Q Why did it take so long to get our scores?
The exam scoring and standard setting process is complex. One reason for the waiting period is to enable the NBCRNA to analyze and evaluate each exam to ensure that the results are reliable and fair to those in all testing conditions.
Q How do I read my score report if I was not successful?
The CPC Assessment is based on four core domains of knowledge of nurse anesthesia practice*. The content outline of the CPCA was based on those four domains. One of the benefits of taking the CPCA is that participants are now able to identify the area(s) of their knowledge that can be further strengthened by additional continuing education. Those areas where the performance standard was not met are indicated on the individual score report with a dot. If no dots are present in a given domain on the chart, then the performance standard was met in that/those domain(s).
For participants who did not meet the overall performance standard, there is no prescriptive continuing education required (in any domain) as a result of your performance on the CPCA. Rather, you now have a better roadmap to guide your educational efforts going forward. You will need to take the performance standard assessment along with your peers in your second 4-year CPC Program cycle—by 2024/2025, depending on your past recertification date. See your path on the CPC Calculator and more here on the NBCRNA website.*Airway Management; Applied Clinical Pharmacology; Physiology and Pathophysiology; and Anesthesia Equipment and Technology.

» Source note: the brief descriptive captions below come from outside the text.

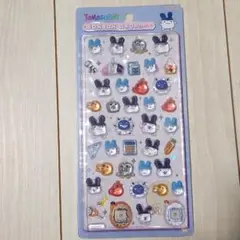 BONBON DROP シール たまごっち ボンドロのサムネイル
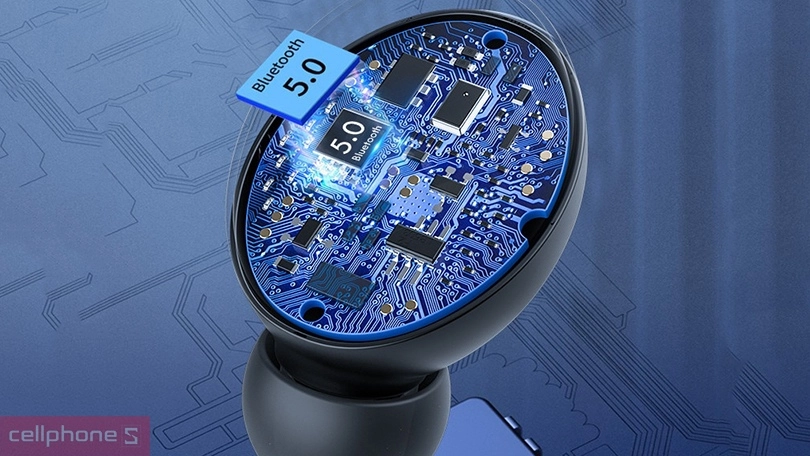 Đánh giá tai nghe Robot có đáng sở hữu hay không?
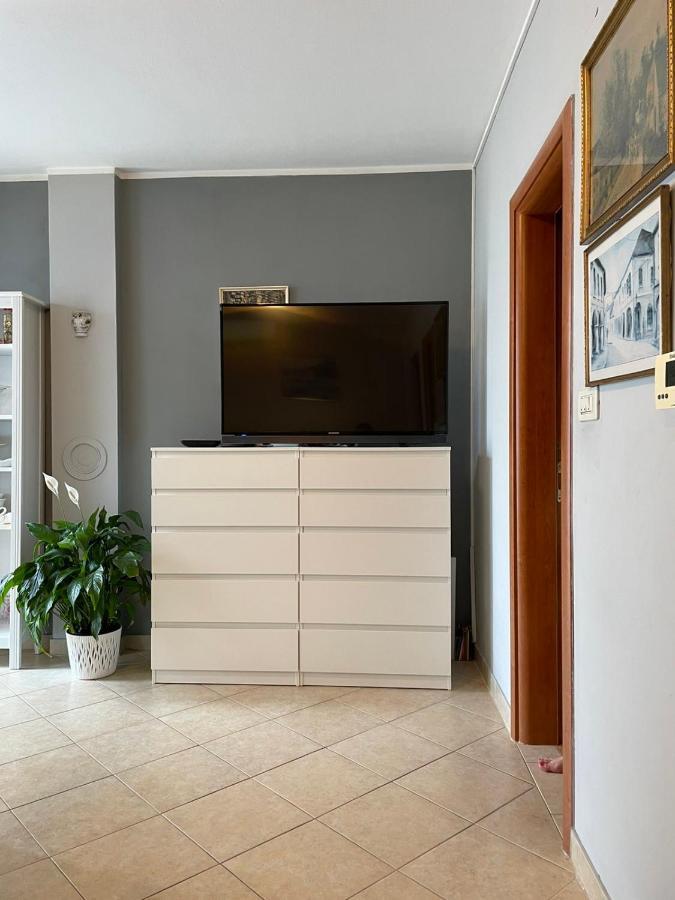 Ana Appartement Kostrena Buitenkant foto
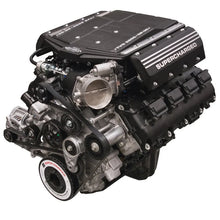 Load image into Gallery viewer, Edelbrock Crate Engine Supercharged w/o Electronics 46126 fits GEN III Hemi 426ci - Main Product View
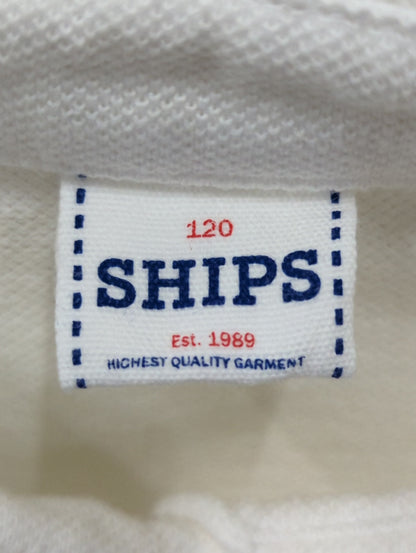 SHIPS KIDS:Tシャツ/カットソー
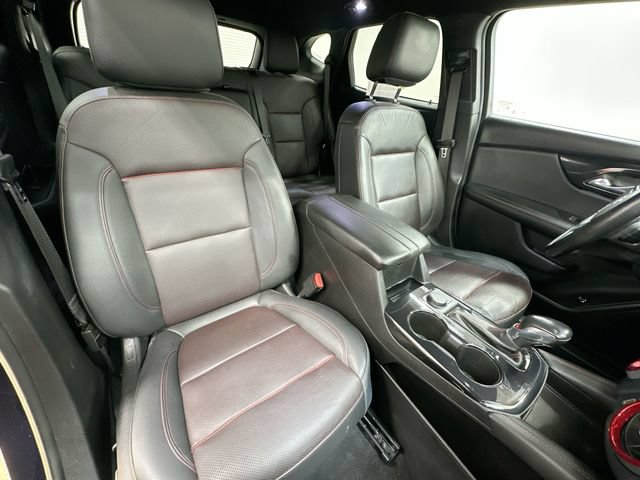 Used 2021 Chevrolet Blazer RS AWD/4WD image 25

Q What is the level of confidentiality?Data will be kept confidential and de-identified; specific information about name, contact information, ID numbers will be stripped from your record.
Each participant will be given a unique subject identifier in place of their name once the data has been exported from the vendor to the researcher.
No identifying information will be utilized in presentations and publications.
Q Who will my test scores be shared with?Your name with associated test score will not be shared with anyone, only the data will be used for the purposes of this research study. The data generated may be used in future research and may be accessed by the Institutional Review Board that approved this study for quality assurance and auditing purposes.